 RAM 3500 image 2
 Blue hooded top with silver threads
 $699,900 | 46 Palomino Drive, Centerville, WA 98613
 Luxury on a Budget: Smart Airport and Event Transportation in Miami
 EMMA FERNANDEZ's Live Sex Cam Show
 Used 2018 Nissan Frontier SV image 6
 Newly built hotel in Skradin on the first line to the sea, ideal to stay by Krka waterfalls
==
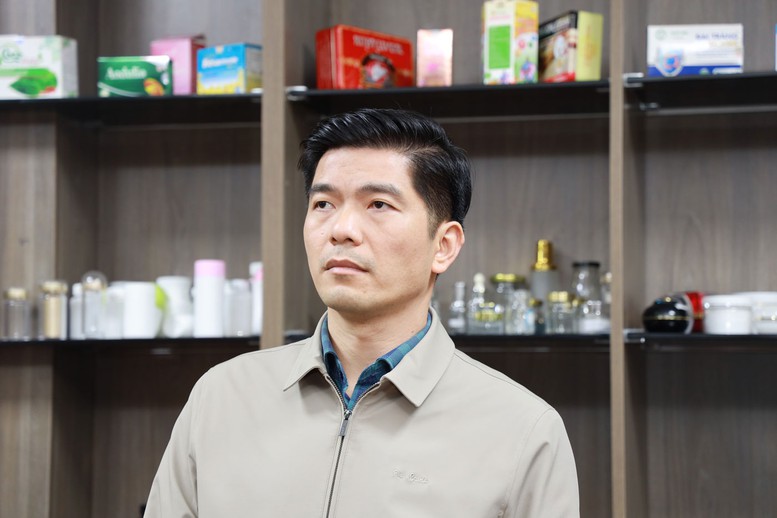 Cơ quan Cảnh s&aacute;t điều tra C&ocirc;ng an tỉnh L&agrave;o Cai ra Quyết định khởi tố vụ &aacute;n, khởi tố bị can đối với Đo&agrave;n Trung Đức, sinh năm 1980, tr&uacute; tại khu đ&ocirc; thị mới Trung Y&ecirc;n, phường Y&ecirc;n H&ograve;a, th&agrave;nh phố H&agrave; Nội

Problem details:
Could you restate, word for word, the lines above from the one with "Centerville, WA 98613" to the one with "Newly built hotel", both included?

Answer box:
 $699,900 | 46 Palomino Drive, Centerville, WA 98613
 Luxury on a Budget: Smart Airport and Event Transportation in Miami
 EMMA FERNANDEZ's Live Sex Cam Show
 Used 2018 Nissan Frontier SV image 6
 Newly built hotel in Skradin on the first line to the sea, ideal to stay by Krka waterfalls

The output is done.